Korea expands national cancer screening to include colonoscopy by 2028
AI-driven health information, or “health intelligence” HQ, is emerging as a major trend in Korea. Yet greater access to information can backfire if people self-diagnose and skip necessary tests. A National Cancer Center survey on cancer screening behavior found that the single largest reason for not undergoing screening is the belief that one is healthy, cited by about 43.4% of respondents.
Among the six major cancers covered by Korea’s national screening program, colorectal cancer has the lowest participation, remaining in the 40% range. The six-screen program also includes stomach, liver, breast, cervical, and lung cancers, but colorectal screening lags behind despite rising risk.

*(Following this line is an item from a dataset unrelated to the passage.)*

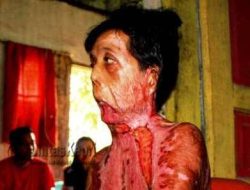 Besok Penderita Luka Bakar Serius Dibawa Ke Rumah Sakit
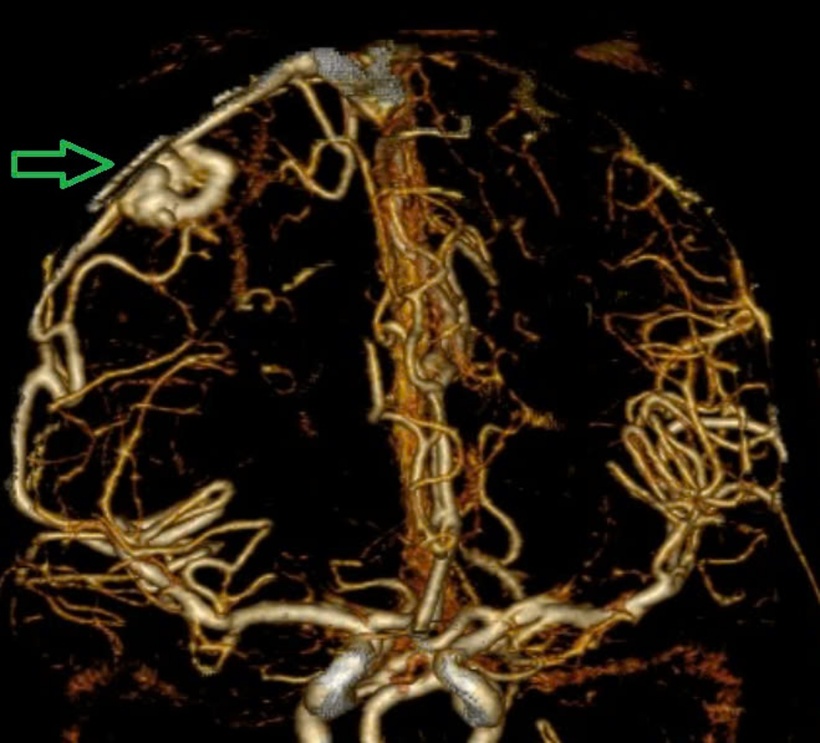 Hình ảnh chụp MSCT mạch não: Chảy máu não thuỳ đỉnh phải, chảy máu não thất do vỡ AVM ( điểm Spetzler Martin 2 điểm) bệnh nhân nữ, 29 tuổi. Ảnh: BVCC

Colorectal cancer often presents few early symptoms. When symptoms do occur, they may include blood in the stool, a feeling of incomplete evacuation, changes in stool caliber, dark stools, indigestion, fatigue, or abdominal pain. Symptoms can vary by tumor location: right-side cancers tend to cause anemia or a palpable mass, while left-side cancers more commonly cause constipation or bright red blood in stool.

Under Korea’s current national screening, adults 50 and older are offered an annual fecal immunochemical test (FIT) or fecal occult blood test. That test detects blood in stool but does not assess other signs of cancer, so regular colonoscopy is important for both early detection and prevention. The government is advancing a reform to include colonoscopy in the national screening program beginning in 2028.
Colonoscopy has a major advantage: it allows immediate treatment if polyps (adenomas) are found. More than 95% of colorectal cancers start from adenomas, and removing a polyp during colonoscopy can reduce cancer risk by up to 90%. When cancers are detected early, treatment can be limited to endoscopic procedures, with five-year survival for early-stage disease above 90%.

There is a growing trend toward screening at younger ages. In Korea, rising numbers of younger colorectal cancer patients have prompted recommendations for preventive colonoscopy starting at age 40 for those with risk factors such as family history, obesity, or smoking, even in the absence of symptoms.
Dr. Hong Jong-sam, head of the Health Medicine Center at Gangneung Asan Medical Center, stressed that polyp size matters: adenomas under 1 cm carry about a 1% future cancer risk, while those 2 cm or larger raise the risk to more than 40%. He urged relying on precise screening rather than online chatter as the first step in prevention.
The National Cancer Center’s planned expansion of colonoscopy in Korea’s screening program reflects a broader global emphasis on endoscopic screening as a preventive tool. For U.S. readers, the development underscores the importance of colonoscopy in reducing colorectal cancer mortality, potential implications for healthcare spending and device supply chains, and the ongoing policy discussions about how best to structure population-wide cancer screening and early intervention.